» **REQUIREMENT**:
Every line from the one with "TAJEER | RENT" to the final line of the records should be printed exactly as it is, with pictures left out.
════
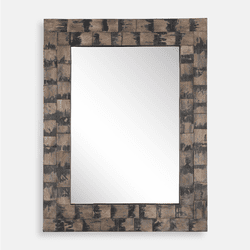 Uttermost 08214 Burke Modern Weathered Black Wall Mirror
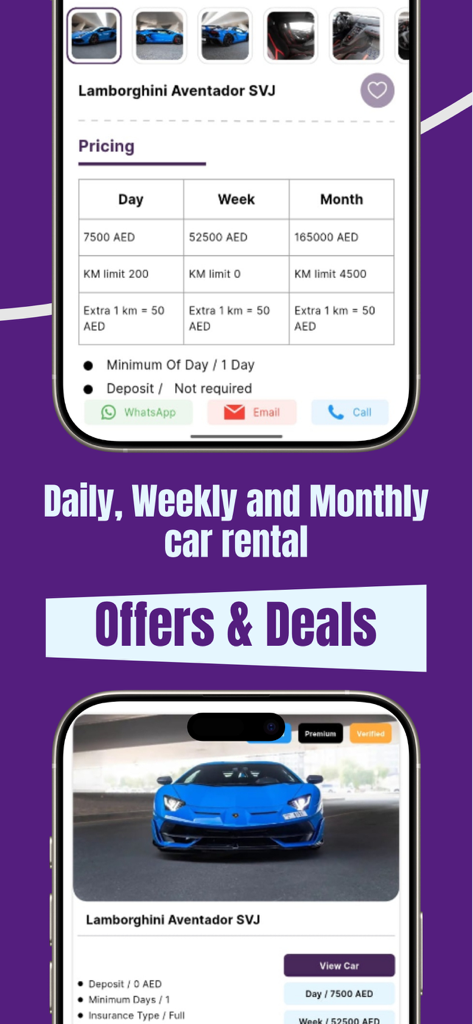 TAJEER | RENT A CAR in Dubai - ドバイでランボルギーニ・アヴェンタドールの日次、週次、月次レンタル価格を表示するTAJEERモバイルアプリインターフェース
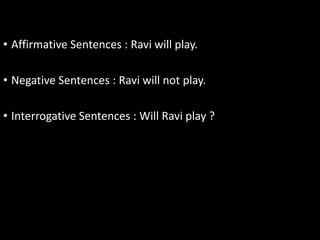 • Affirmative Sentences : Ravi will play.
• Negative Sentences : Ravi will not play.
• Interrogative Sentences : Will Ravi play ?
 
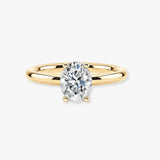 "Olyra" 1 Carat Oval Cut Diamond Hidden Under Halo Engagement Ring UHOC01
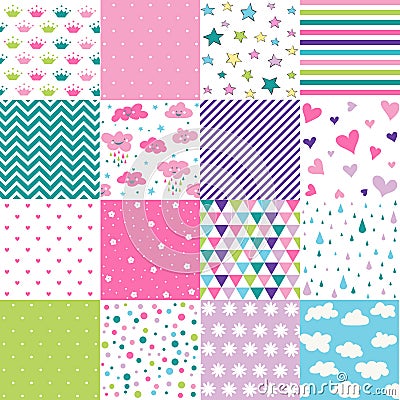 Cute Baby Background Seamless Pattern Vector Illustration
════
» **SOLVED EXERCISE**:
 TAJEER | RENT A CAR in Dubai - ドバイでランボルギーニ・アヴェンタドールの日次、週次、月次レンタル価格を表示するTAJEERモバイルアプリインターフェース
 • Affirmative Sentences : Ravi will play.
• Negative Sentences : Ravi will not play.
• Interrogative Sentences : Will Ravi play ?
 
 "Olyra" 1 Carat Oval Cut Diamond Hidden Under Halo Engagement Ring UHOC01
 Cute Baby Background Seamless Pattern Vector Illustration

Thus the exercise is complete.